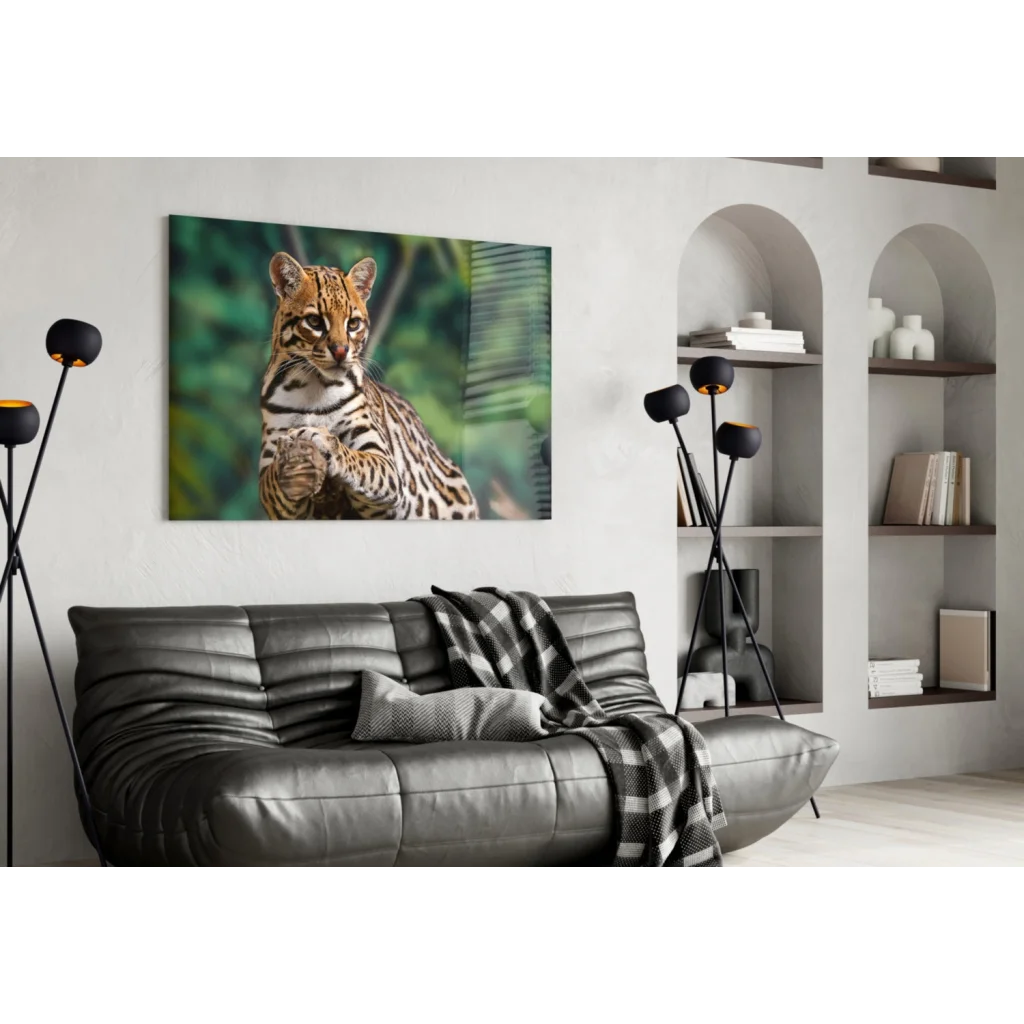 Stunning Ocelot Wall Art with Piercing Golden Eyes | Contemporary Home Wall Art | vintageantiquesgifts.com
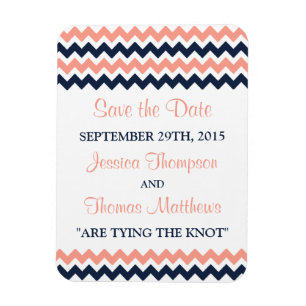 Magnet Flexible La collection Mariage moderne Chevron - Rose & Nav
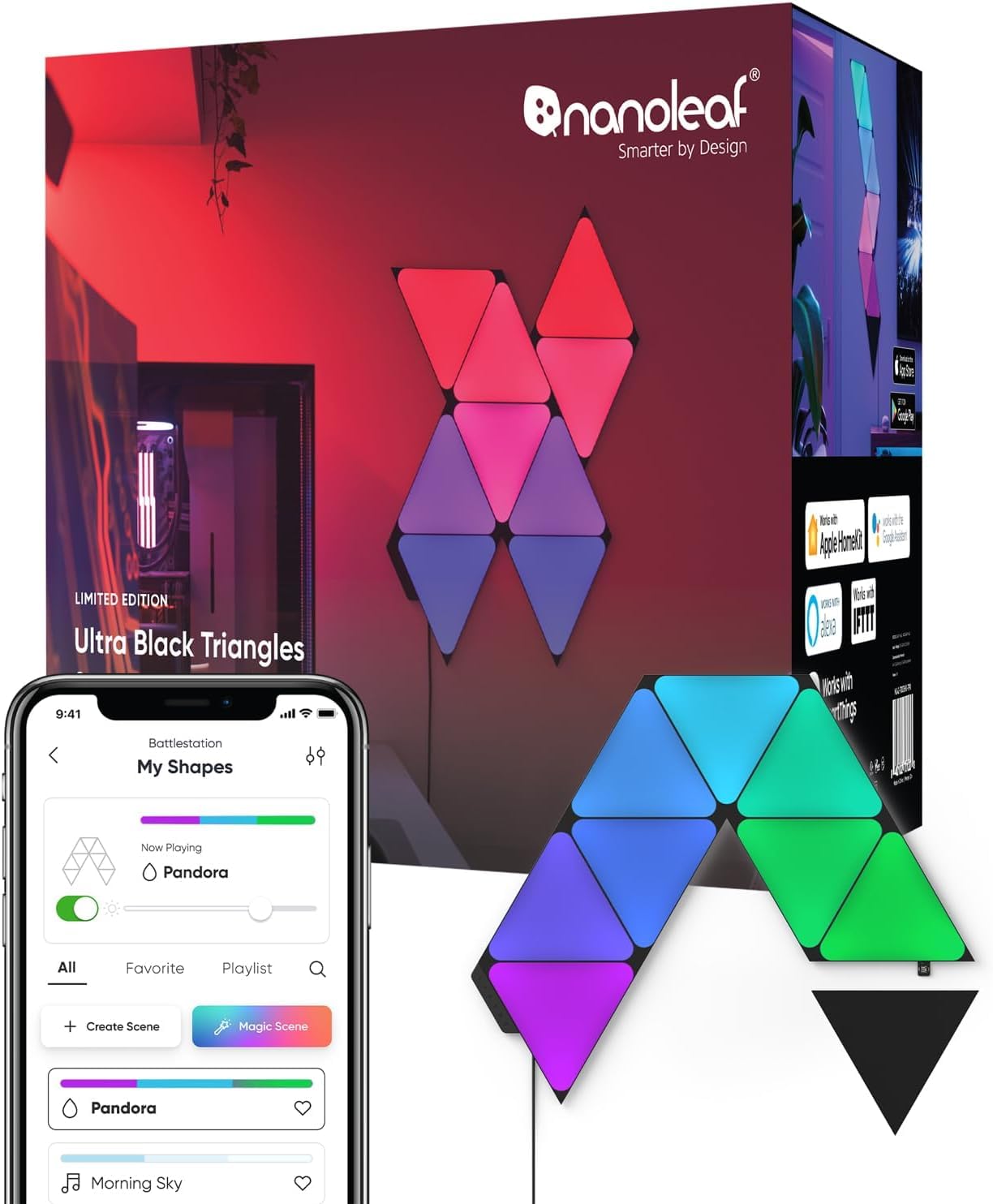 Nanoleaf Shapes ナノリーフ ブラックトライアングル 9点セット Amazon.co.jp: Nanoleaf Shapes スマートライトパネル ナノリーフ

EXERCISE DESCRIPTION = Please repeat the data verbatim and leave the pictures out of your copy.

FINAL ANSWER =
 Stunning Ocelot Wall Art with Piercing Golden Eyes | Contemporary Home Wall Art | vintageantiquesgifts.com
 Magnet Flexible La collection Mariage moderne Chevron - Rose & Nav
 Nanoleaf Shapes ナノリーフ ブラックトライアングル 9点セット Amazon.co.jp: Nanoleaf Shapes スマートライトパネル ナノリーフ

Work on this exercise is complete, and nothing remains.